Vemos, en esta fotografía, al amor. Esas viejas manos evidencian su duración, que es mucho más allá de esta vida. Y el árbol, nos dice que este acto, el de amar, conlleva etapas, como pasa con sus anillos de veta.
Sólo una pizca de eternidad nos separa de la bestia ignorante y, ¿cuán lejos estamos del helecho, la rosa, levadura esencial?
A todos nos gusta el amor, desde niños. Afirmo pues que la piel está sobrevalorada. Que los cinco sentidos entorpecen el sentir y enturbian ese significado profundo del misterio amatorio. Todos tenemos un amor en la boca del misticismo, un amor elevado. A golpe de clic, enciende, ilumina y lleva nuestro corazón táctil de quinientos mega pixeles hasta el éxtasis.

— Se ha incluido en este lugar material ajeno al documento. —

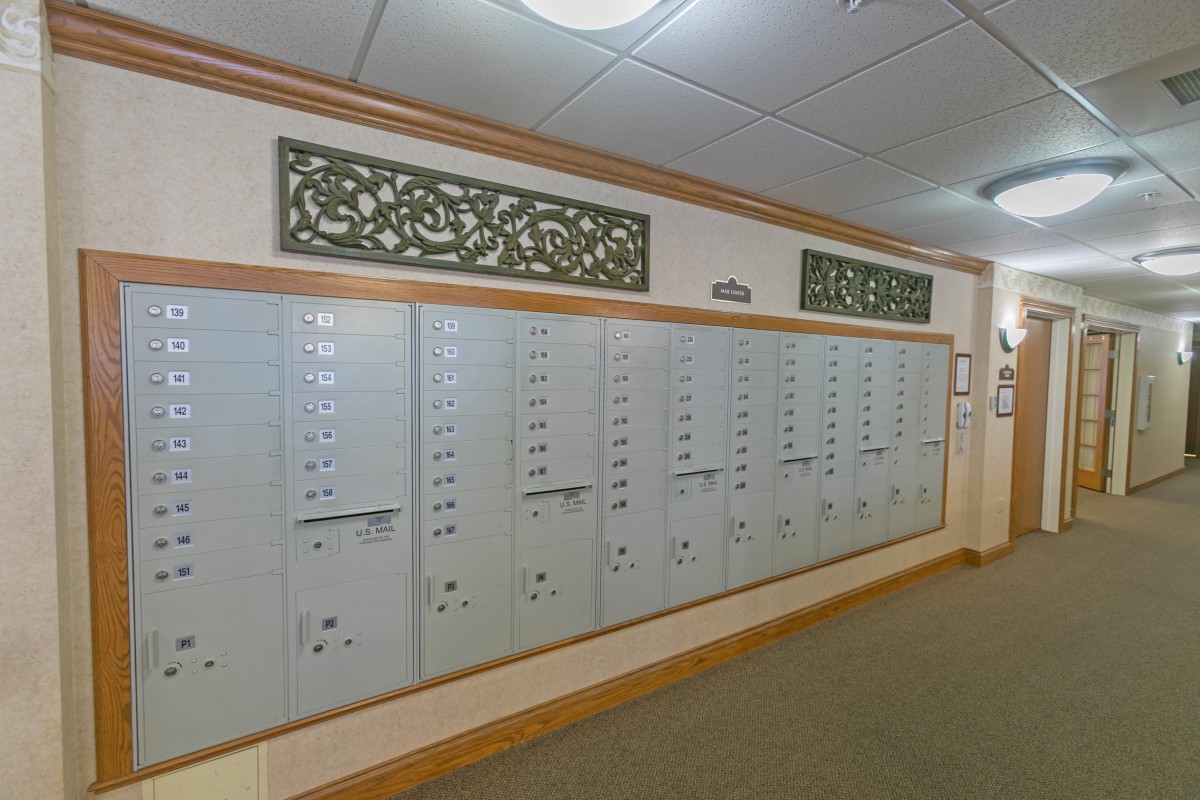 An indoor hallway featuring a row of metal mailboxes in an apartment building.
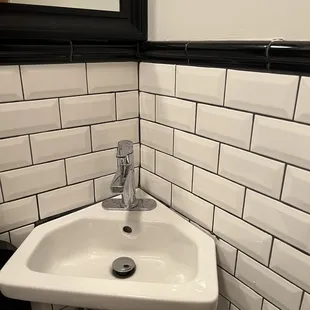 a white sink in a black and white bathroom
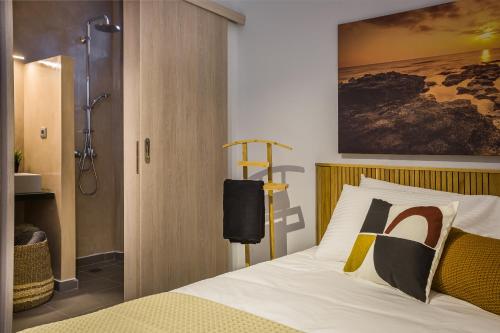 a bedroom with a bed and a shower at Ionian Village in Lixouri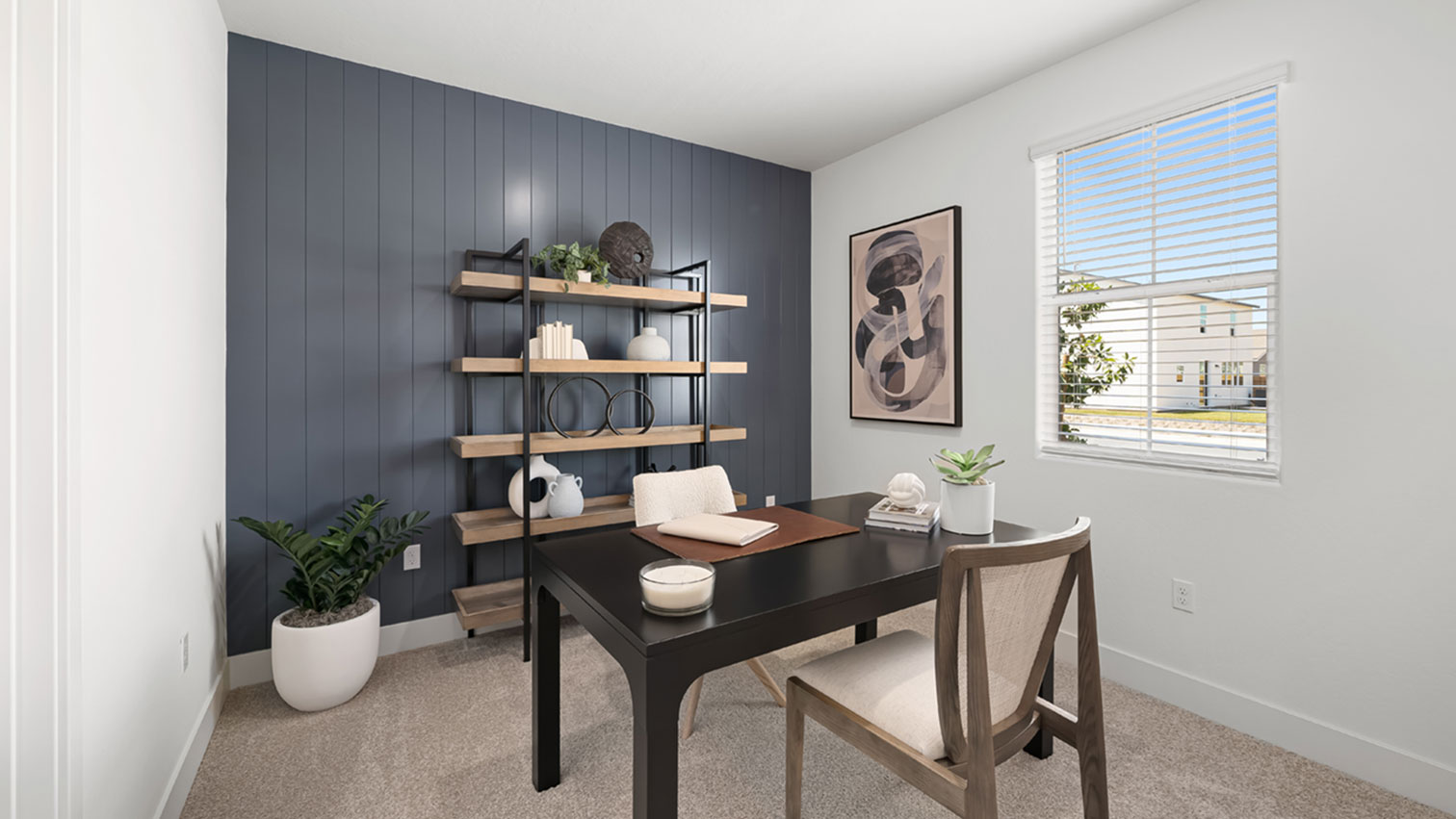 Home office with window, plush carpeting, and accent wall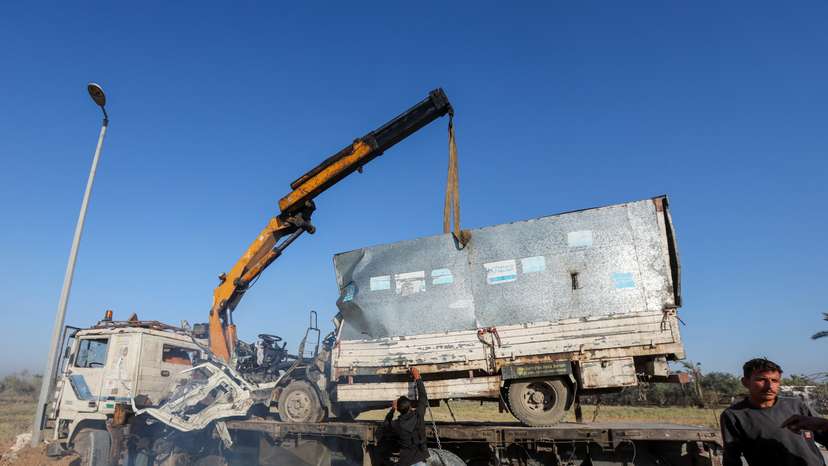 Palestinians work to remove an UNRWA-labelled vehicle after it was hit in an Israeli strike, according to Palestinian officials, amid the Israel-Hamas conflict, in Deir Al-Balah in the central Gaza Strip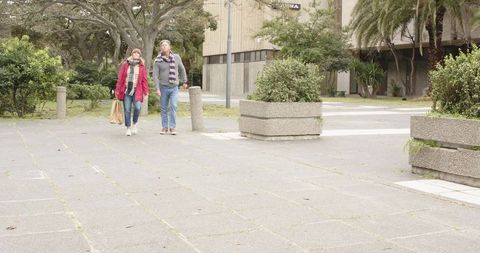 Middle-aged couple walking in urban plaza wearing scarves carrying brown paper bag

Nos gusta, nos gusta el amor. Pero, ¿proyectarlo? O sólo recibirlo.
Seamos amantes tan serios como niños; como cisnes. Cuando el amor se ha ido, vamos a la deriva. Hasta que reasuma el mando, nuestro yo estará amotinado. El amor empieza cuando Dios termina y el hombre cae, mientras las cosas, demasiado eternas, comienzan a gastarse. Y también los hay que quieren que desaparezca, pero el vagabundo que estaba seriamente enfadado con los teléfonos no lo permitirá.
La alquimia del mundo, dispuesta de manera drástica, hace que todo ser viviente aparezca en bruto. De nosotros depende el equilibro de la vida en común. Algo que se regula orbitándonos hasta alcanzar una determinada sinergia entre nuestros corazones; ese enlace covalente.
El amor es, simplemente, la forma del comienzo tercamente escondida detrás de los finales. Ese silencio mientras te miro.